Class #17

Naturalism in Early China

Reading assignment:  Naturalist Schools of Thought in the Late Classical Period

Lecture PowerPoint Deck

Confucianism faced a series of challenges during the Warring States period, and the great early Confucian followers whose writings we have today, Mencius and Xunzi, were men who responded effectively to these challenges, and broadened the shape of Confucianism as they did so. Mohism and Daoism were the chief challenges faced by Mencius, whom we studied briefly last week.  Xunzi, the leading Confucian master at the Jixia Academy - the neighborhood in the capital city of Qi where third-century BCE representatives of the Hundred Schools came to dwell under state sponsorship - responded further to Mohist and Daoist doctrines, but he also responded brilliantly to the challenges offered by a variety of intellectuals whom we group together under the general term "Naturalist thinkers." We will explore Xunzi's thought on Monday; today, we will become acquainted with the intellectual trends he opposed.

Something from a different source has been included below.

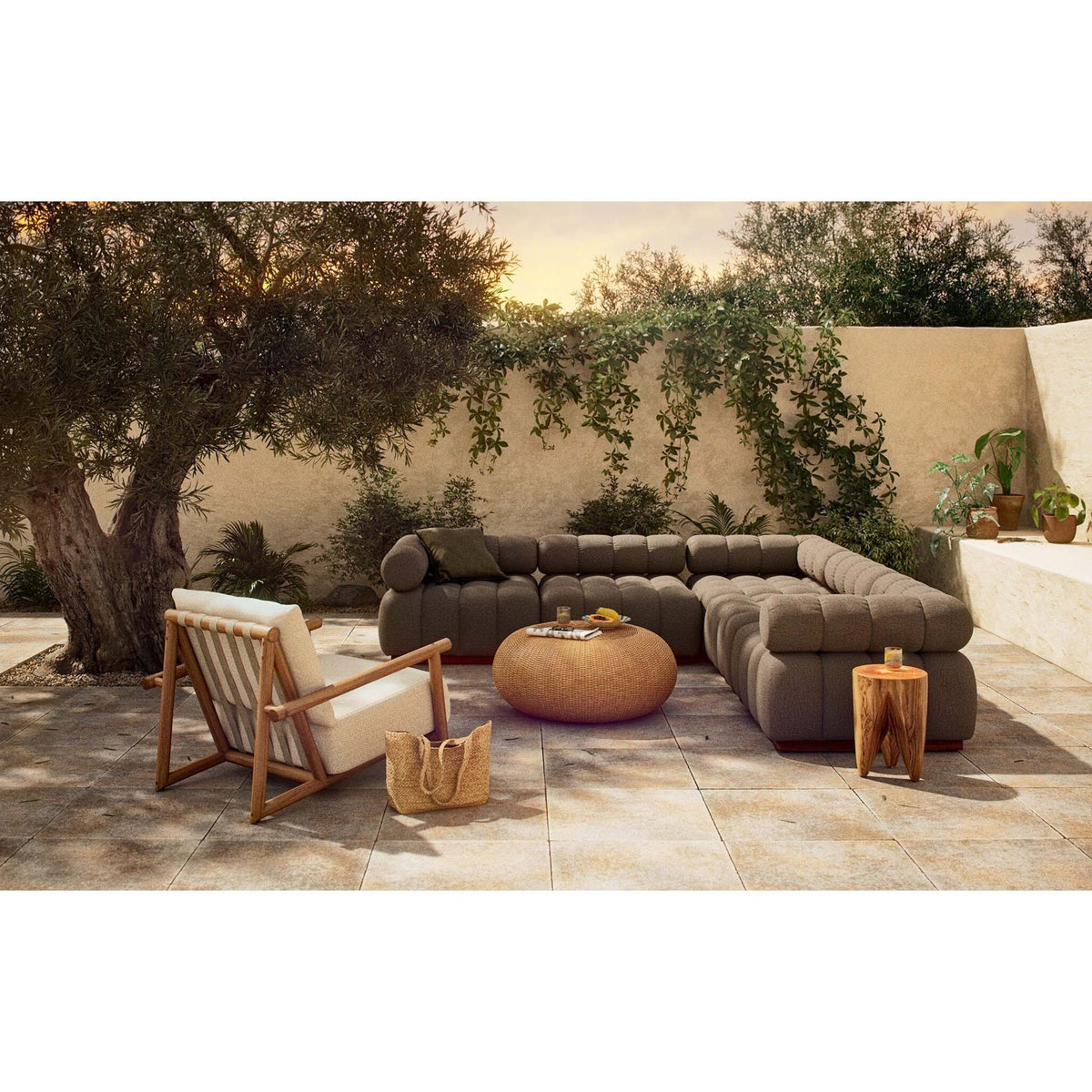 Roma Outdoor 5-Piece Sectional - Alessi Fawn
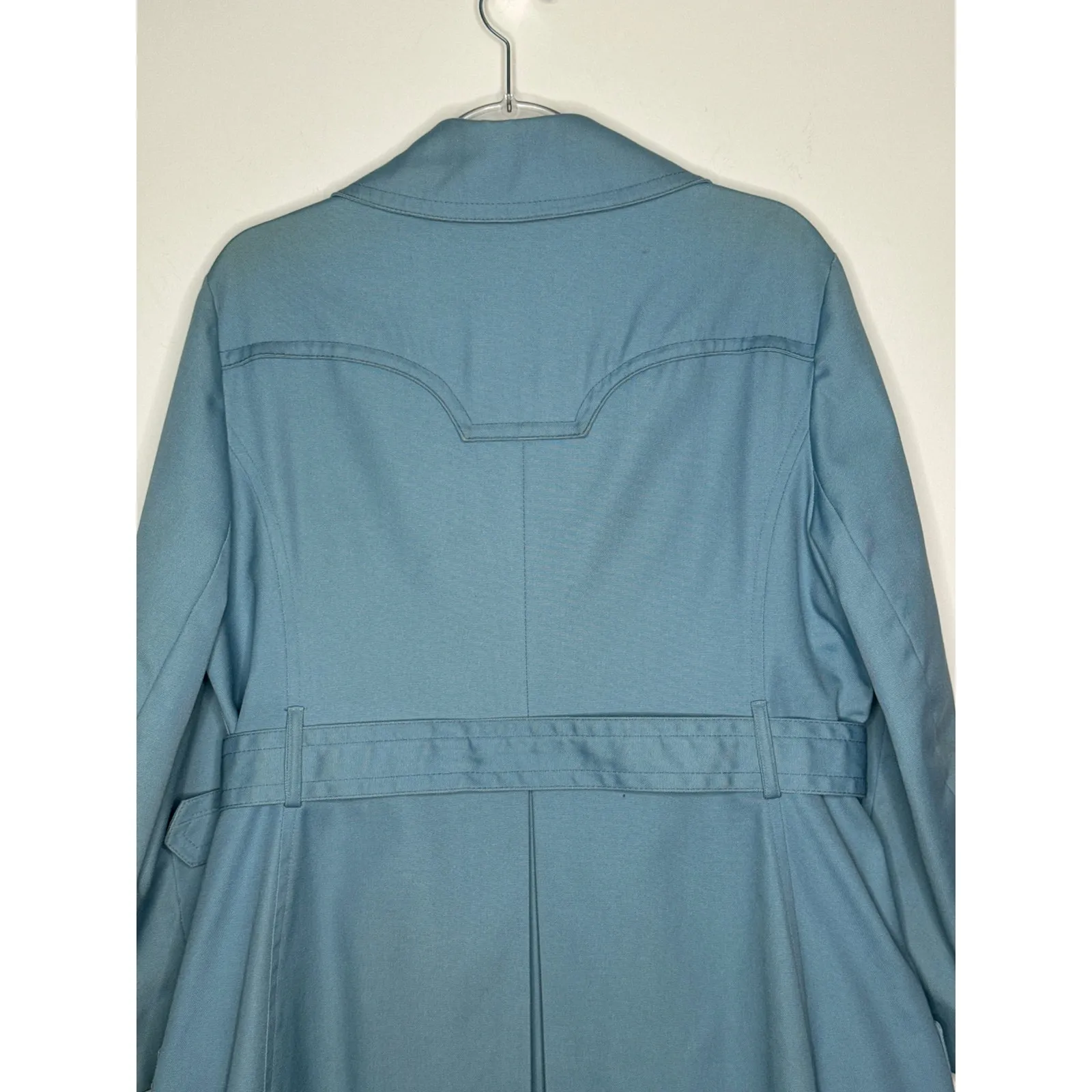 1960s London Fog Blue Belted Rain Coat With Big Pockets fall winter large - Image 7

Naturalist texts show a wide differences in interests and approaches.  Some focused on "yin-yang" theories, others on qi, others on a set of ideas associated with what were known as "the five forces" of nature (water, fire, earth, wood, metal). Your readings on the Naturalist Zou Yan, and of two short Naturalist treatises, will illustrate this variety. What they all shared, however, was a belief that man should look to Nature as a standard by which to order their lives and judge values of good and bad, right and wrong.  This is a powerful approach, and one that Daoism -- most particularly the Dao de jing -- also shared.